In the material below, the line holding "b:joynz Wrist Support" and every line after it should be reproduced exactly, please, with pictures omitted.

GIVEN INFORMATION ▸
# # #

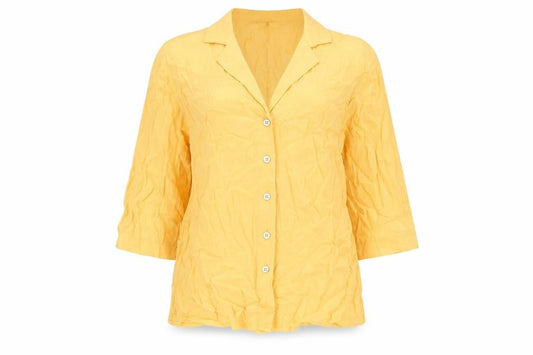 Marks and Spencer Womens Yellow Viscose Basic Button-Up Size 10 Collared
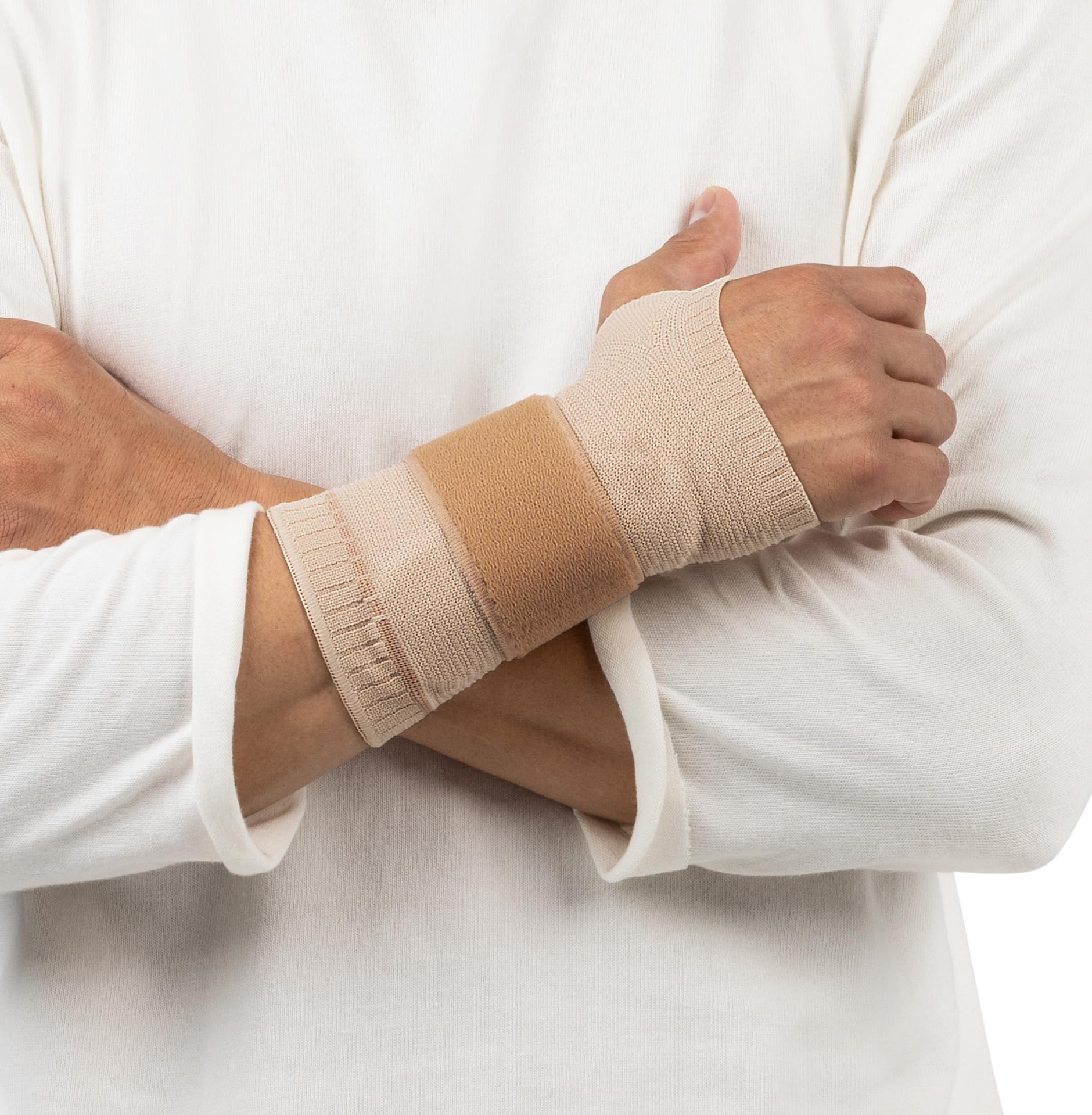 b:joynz Wrist Support - Stabilizes and Relieves the Wrist, Helps to Alleviate and Prevent Pain During Everyday Activities, Beige - Left Size 6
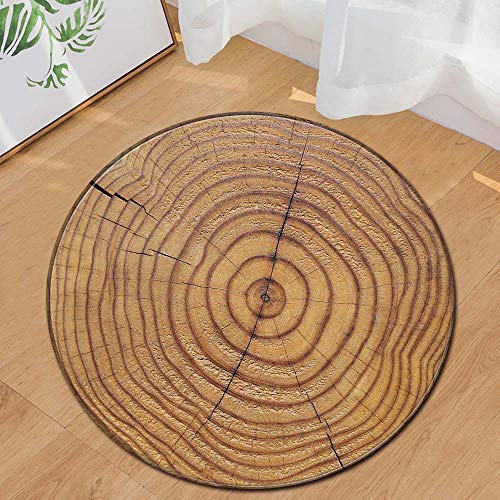 Runder Teppich Home Area Rug Baum Jährliche Ring Holzmaserung Kissen für Kinder Spielen Wohnzimmer Boden Yoga-Matte(Mehrfarbig G,Diam 60cm)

# # #

RESPONSE ▸
 b:joynz Wrist Support - Stabilizes and Relieves the Wrist, Helps to Alleviate and Prevent Pain During Everyday Activities, Beige - Left Size 6
 Runder Teppich Home Area Rug Baum Jährliche Ring Holzmaserung Kissen für Kinder Spielen Wohnzimmer Boden Yoga-Matte(Mehrfarbig G,Diam 60cm)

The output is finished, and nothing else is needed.